Z dotychczasowych ustaleń policjantów wynika, że pomysłodawcą trwającego od stycznia 2007 r. do maja br. procederu był 24 letni informatyk z Krakowa Zbigniew T. Pomagał mu 22 letni koszaliński informatyk Paweł P.
Paweł P. łamał hasła dostępu do serwerów firm, następnie przekazywał je Zbigniewowi T., który wchodził na strony internetowe przedsiębiorstw i zmieniał widniejące tam numery kont na numery rachunków bankowych założonych wcześniej przez tzw. słupy. Konta te były szybko czyszczone, a przelane na nie pieniądze trafiały do Zbigniewa T. Za otwarcie rachunku T. płacił słupom 10-20% przelanej na ich konto kwoty.
W proceder, oprócz aresztowanych tymczasowo informatyków i jednego z właścicieli założonych specjalnie na potrzeby oszustwa rachunków, zaangażowanych było jeszcze kilkanaście innych osób. Kilka z nich już zatrzymano.
– Zarzuty przedstawiono dotychczas czterem osobom. Żadna z nich nie przyznała się do oszustwa.
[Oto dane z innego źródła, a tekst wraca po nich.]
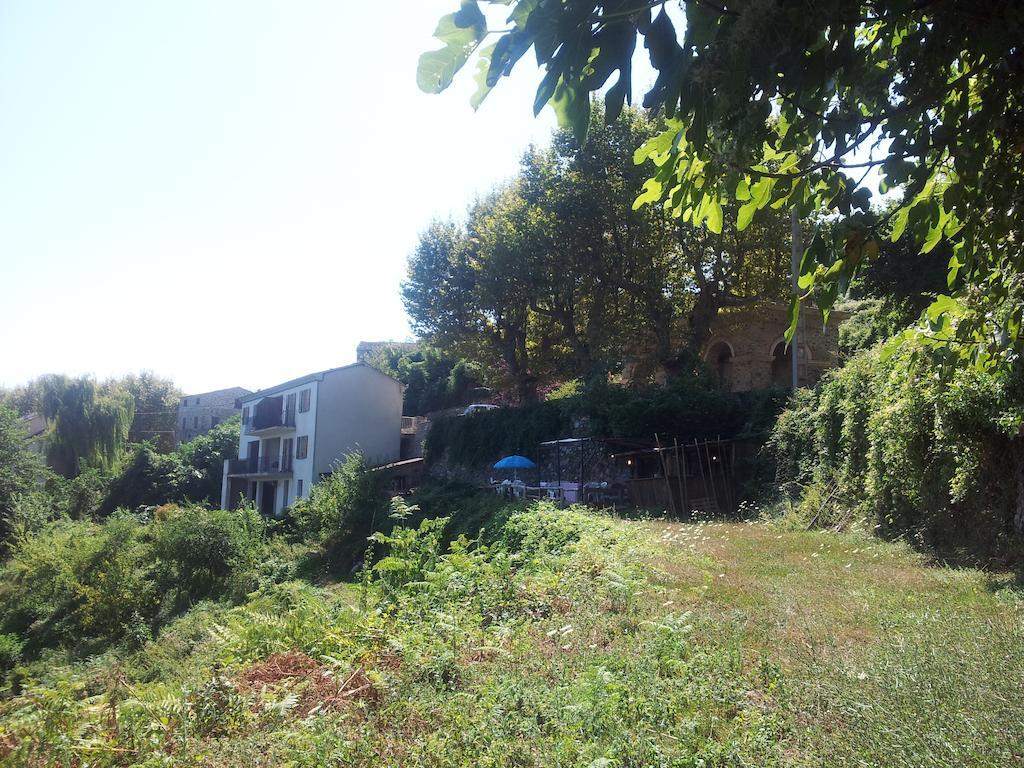 Gite La Fontaine Corse Loreto-di-Casinca Εξωτερικό φωτογραφία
Główny podejrzany Zbigniew T. odmówił składania wyjaśnień – powiedział rzecznik koszalińskiej prokuratury, Ryszard Gąsiorowski.
Jak wynika z dotychczasowych ustaleń policji, oszuści kontaktowali się ze sobą niemal wyłącznie za pośrednictwem internetowych komunikatorów, poczty elektronicznej i telefonów. Żaden z nich nigdy nie widział Zbigniewa T. Podejrzanym grozi do 10 lat więzienia.